Firth next starred in Nick Hornby's ‘Fever Pitch’ in 1997 and moved to yet another Oscar fest with ‘Shakespeare in Love’ in 1998 as the odious Lord Wessex. 1999 would bring no less than five film appearances for Firth on both the big screen and TV, but it was in 2000 that his female fan-base would once again begin their cooing as he returned to the cinemas as Mr Darcy. No, sadly not that Mr Darcy, but as the lead competitive love interest alongside Hugh Grant, wooing Renee Zellweger in the comedy smash hit ‘Bridget Jones's Diary’. The part notched Firth a third BAFTA nomination for Best Actor. Helen Fielding's book had been a huge success globally and ironically, as Fielding was a fan of his, Colin Firth appears in a fictional interview chapter in the book's sequel, 'The Edge of Reason'. The sequel film version was made in 2004, although that particular scene was cut so Firth could reprise the Darcy character once again.
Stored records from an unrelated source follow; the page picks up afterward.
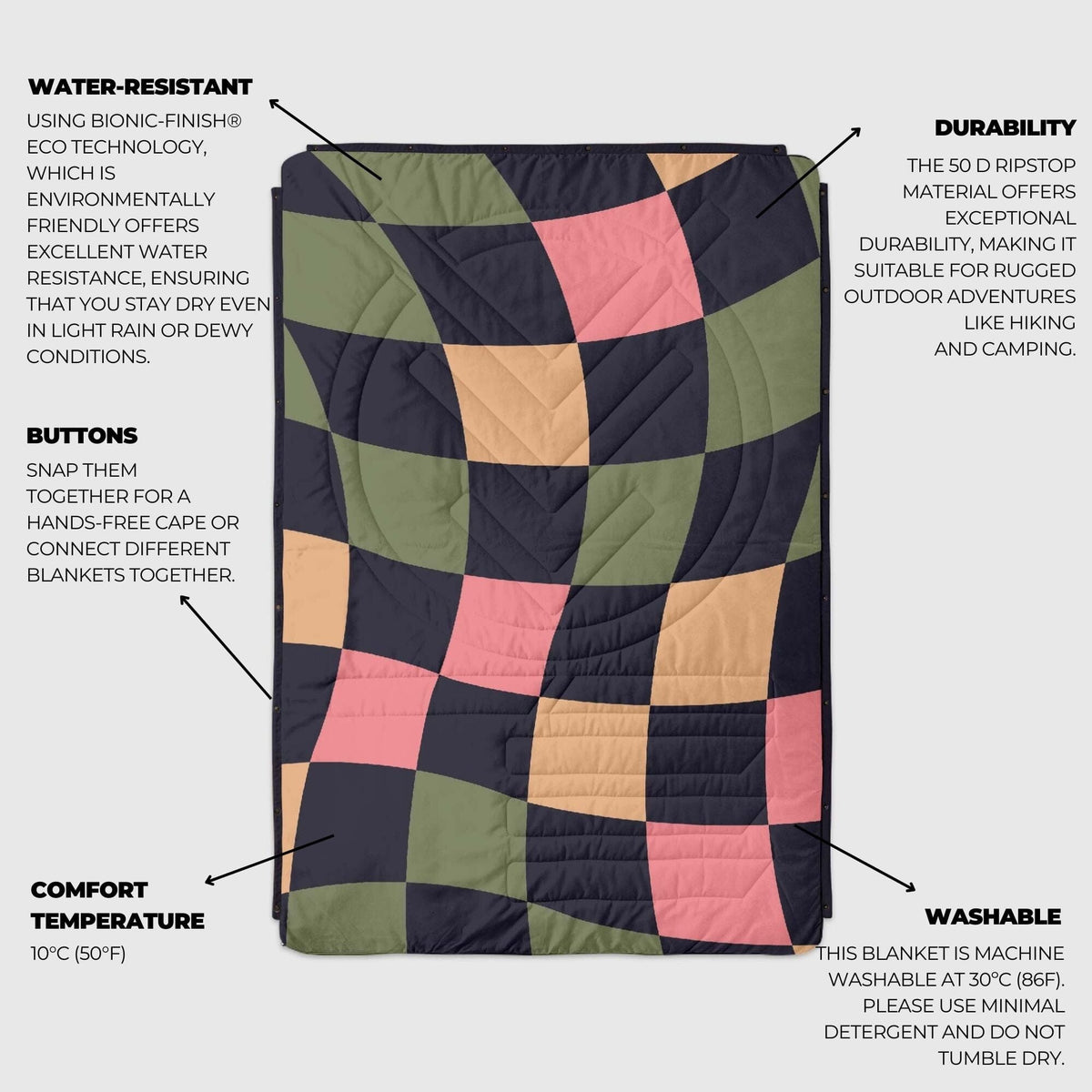 VOITED Mini Traveler Cream Indoor / Outdoor Camping Blanket - Wavecheck Blankets VOITED 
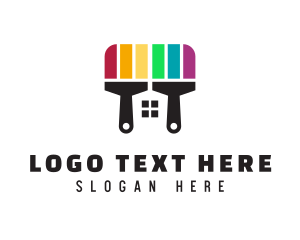 Remodeling - Rainbow Paint House logo design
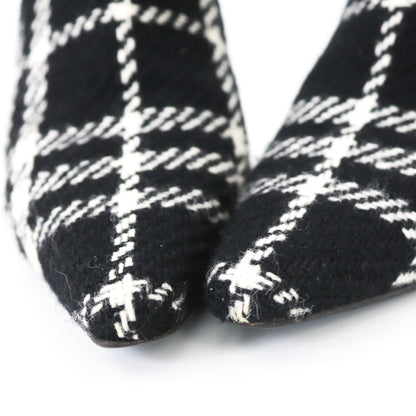 Vintage 2000s Burberry Black Nova Check Wool Boots Pointed Toe Heels / 37 (US 7)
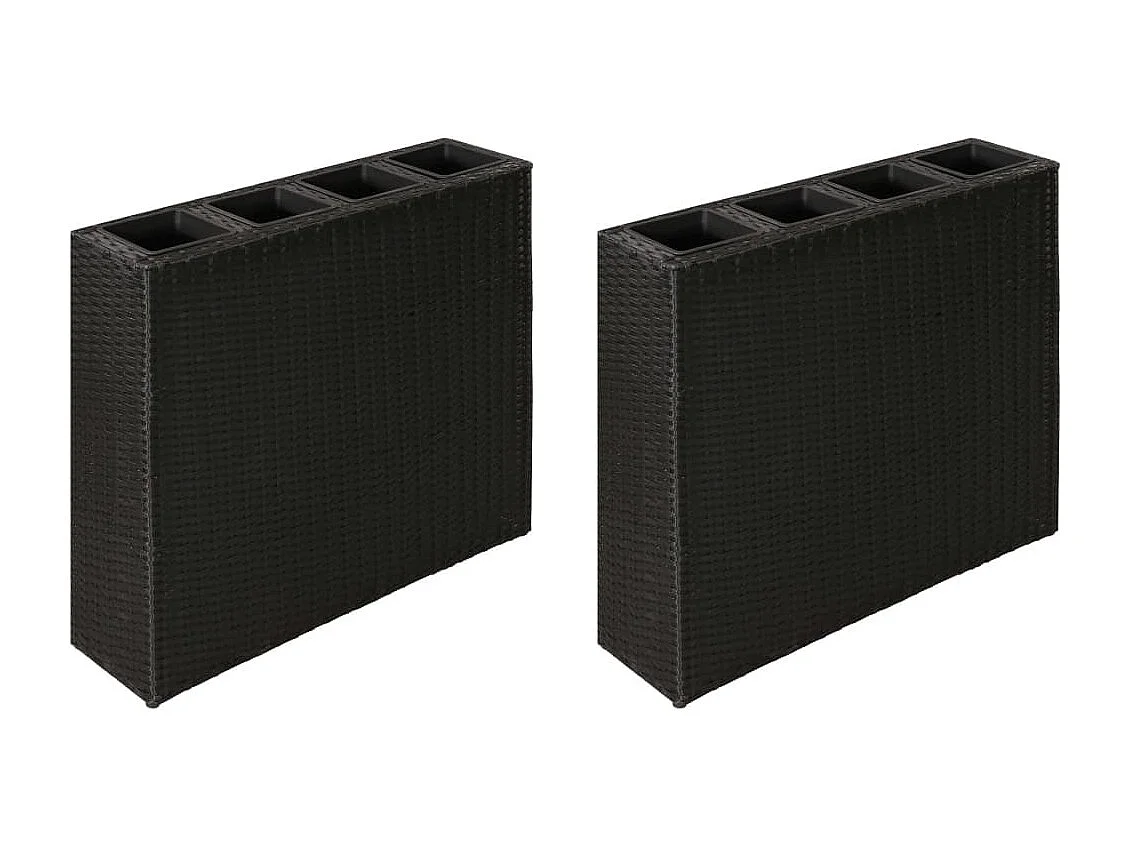 Plantenbak verhoogd met 4 potten 2 st poly rattan zwart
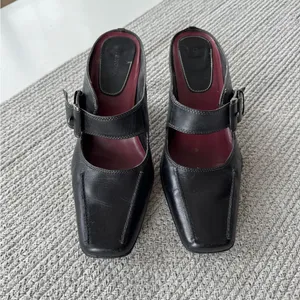 Vintage Merona Black Leather Silver Buckle Square Toe Maryjane Block Heels Shoes thumbnail 8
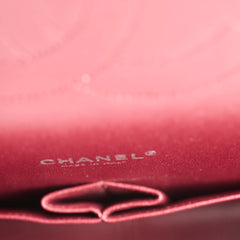 Chanel Maxi Classic Flap Burgundy Striated Quilted Patent Leather bag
Fame had brought a better flavour of script to Firth and he has gone onto star in several notable films, playing the archetypal English aristocrat in some, or, such as in ‘Girl With A Pearl Earring’ (2003), more challenging roles like the Dutch artist Vermeer. Ending 2003 with a bang, Firth starred in the choker A-list cheese-fest that was ‘Love Actually’. This collage of 10 different love stories starring Brits in abundance (Keira Knightley, Hugh Grant, Emma Thompson, the list goes on...) was yet another huge hit, notably across the pond too.
As his celebrity grew, so did his variety of roles and Firth appeared in everything from the light hearted ‘What a Girl Wants’ in 2003 to British psychological thriller ‘Trauma’ the next year. His portrayal of widower and undertaker Cedric Brown in the 2005 fantasy film ‘Nanny McPhee’ alongside Emma Thompson increased his profile, while 2007’s ‘And When Did You Last See Your Father?’ brought some critical recognition in the form of a British Independent Film Award nomination.
2007 saw Firth step out of his comfort zone to wield a sword in producer Dino De Laurentiis’ ‘The Last Legion’, which was followed by roles in ‘St Trinian’s’, ‘In Prison My Whole Life’ and ‘The Accidental Husband’. Firth’s ability to be at home in whatever role he landed also earned him a nomination for his singing part in ‘Mamma Mia!’, the hit 2008 musical. While these roles kept him busy and in touch with his fans, they did not bring the critical acclaim he so deserved.
However, this changed with his outstanding role in Tom Ford’s 2009 directorial debut ‘A Single Man’, which resulted in his first nomination for an Academy Award for Best Actor. His portrayal of a depressed, gay university professor earned him several accolades, including a Bafta, and increased his hunger to win.
Firth’s exceptional performance in his next movie, 2010’s ‘The King’s Speech’, catapulted him to the zenith of his career as his portrayal of a stuttering King George VI delivered the goods. The independent film was an unlikely runaway hit and led to nearly 30 awards, including the ultimate accolade for any actor - an Academy Award for Best Actor in February 2011.
From that first teenage dream of being an actor, Firth has achieved all he set out to be, and more. Impressively, his success has managed to elude any stereotypical thespian crises or media outbursts and one can only imagine he will remain a long-standing hero of stage and screen to a ripe old age.